HONG KONG (Reuters) - University student ‘A’, says she used to be a ‘typical girl’ who liked to shop, drink bubble tea and watch Korean soap operas but all that changed as Hong Kong’s anti-government protests gained momentum and she stepped up to take a place in the frontlines.
She is now charged with rioting, an offence which carries a maximum ten year jail sentence, and is on bail awaiting trial.

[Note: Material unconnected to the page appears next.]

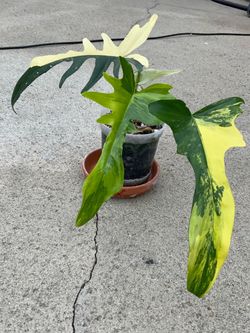 Philodendron Florida Beauty x Tortum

The protests began last June and at first, the frontlines were predominantly men. That started to gradually change and women began building roadblocks, throwing back tear gas cannisters as well as facing rubber bullets and bean-bag rounds.
The 22-year-old, who did not want to be identified for fear it could affect her trial, said her shift to the frontline came in stages.
“I was at the back, I would just go home after I marched. I started to think I could go further and further forward, till I was at the very front.”
At the frontlines, it can be hard to tell the difference between men and women among the black-clad protesters but ‘A’ says she felt a sense of female empowerment and gender equality when she came across other women - even if men sometimes tell women to retreat.
In the past nine months, 7,165 people have been arrested, according to the city’s Security Bureau. The protests have quietened down due to spread of the coronavirus, but there are signs the movement could again mobilize with at least three protests scheduled for Sunday.
Although Hong Kong’s controversial extradition bill, which sparked the protests, has been withdrawn, protesters have been marching for an investigation into police brutality and the downgrading of riot charges for those who have been arrested.
The student says she believes more women could play a greater role in progressing the campaign for more democratic measures to be put in place across the city.
“Women should also come out for this. Men shouldn’t be responsible for everything, women should also take some responsibility,” she said.
“We’re no longer weak, or the ones with ‘princess syndrome’. So I think now, we are evolving like Pokemon, we’re on another level. We’re different.”